_Extracted records_.
--------------------------------------------------

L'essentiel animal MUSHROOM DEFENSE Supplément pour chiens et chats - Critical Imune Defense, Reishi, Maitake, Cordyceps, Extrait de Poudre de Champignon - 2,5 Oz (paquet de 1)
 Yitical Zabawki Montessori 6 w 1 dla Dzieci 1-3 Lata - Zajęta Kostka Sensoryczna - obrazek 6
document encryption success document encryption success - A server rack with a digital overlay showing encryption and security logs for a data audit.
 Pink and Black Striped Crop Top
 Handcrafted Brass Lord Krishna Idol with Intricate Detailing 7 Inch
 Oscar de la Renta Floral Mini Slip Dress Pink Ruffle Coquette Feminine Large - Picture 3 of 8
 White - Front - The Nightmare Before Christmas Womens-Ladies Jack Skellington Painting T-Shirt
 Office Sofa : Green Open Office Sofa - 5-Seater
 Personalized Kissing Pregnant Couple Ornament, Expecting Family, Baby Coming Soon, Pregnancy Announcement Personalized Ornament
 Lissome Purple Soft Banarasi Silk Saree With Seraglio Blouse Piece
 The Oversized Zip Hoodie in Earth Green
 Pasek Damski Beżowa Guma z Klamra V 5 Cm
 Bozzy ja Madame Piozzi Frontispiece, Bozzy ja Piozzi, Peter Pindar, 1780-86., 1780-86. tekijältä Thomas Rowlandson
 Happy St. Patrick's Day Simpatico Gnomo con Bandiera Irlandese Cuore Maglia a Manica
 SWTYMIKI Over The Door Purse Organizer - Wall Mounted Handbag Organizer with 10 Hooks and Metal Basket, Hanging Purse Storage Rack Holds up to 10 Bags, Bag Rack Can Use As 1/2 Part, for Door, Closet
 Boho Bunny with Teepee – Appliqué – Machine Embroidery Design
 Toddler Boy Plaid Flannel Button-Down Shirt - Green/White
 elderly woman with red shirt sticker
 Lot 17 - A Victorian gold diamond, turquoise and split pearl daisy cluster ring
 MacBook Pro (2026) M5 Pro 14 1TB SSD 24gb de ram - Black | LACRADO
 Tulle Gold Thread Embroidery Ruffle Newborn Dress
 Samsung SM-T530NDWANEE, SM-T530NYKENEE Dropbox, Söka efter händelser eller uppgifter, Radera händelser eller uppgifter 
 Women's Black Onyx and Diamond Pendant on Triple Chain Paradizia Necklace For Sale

--------------------------------------------------

_Description of the task_. In the reply, include exactly the lines from the beginning of the entries above through the line holding "SWTYMIKI Over The", and nothing besides.

_Your solution_.
L'essentiel animal MUSHROOM DEFENSE Supplément pour chiens et chats - Critical Imune Defense, Reishi, Maitake, Cordyceps, Extrait de Poudre de Champignon - 2,5 Oz (paquet de 1)
 Yitical Zabawki Montessori 6 w 1 dla Dzieci 1-3 Lata - Zajęta Kostka Sensoryczna - obrazek 6
document encryption success document encryption success - A server rack with a digital overlay showing encryption and security logs for a data audit.
 Pink and Black Striped Crop Top
 Handcrafted Brass Lord Krishna Idol with Intricate Detailing 7 Inch
 Oscar de la Renta Floral Mini Slip Dress Pink Ruffle Coquette Feminine Large - Picture 3 of 8
 White - Front - The Nightmare Before Christmas Womens-Ladies Jack Skellington Painting T-Shirt
 Office Sofa : Green Open Office Sofa - 5-Seater
 Personalized Kissing Pregnant Couple Ornament, Expecting Family, Baby Coming Soon, Pregnancy Announcement Personalized Ornament
 Lissome Purple Soft Banarasi Silk Saree With Seraglio Blouse Piece
 The Oversized Zip Hoodie in Earth Green
 Pasek Damski Beżowa Guma z Klamra V 5 Cm
 Bozzy ja Madame Piozzi Frontispiece, Bozzy ja Piozzi, Peter Pindar, 1780-86., 1780-86. tekijältä Thomas Rowlandson
 Happy St. Patrick's Day Simpatico Gnomo con Bandiera Irlandese Cuore Maglia a Manica
 SWTYMIKI Over The Door Purse Organizer - Wall Mounted Handbag Organizer with 10 Hooks and Metal Basket, Hanging Purse Storage Rack Holds up to 10 Bags, Bag Rack Can Use As 1/2 Part, for Door, Closet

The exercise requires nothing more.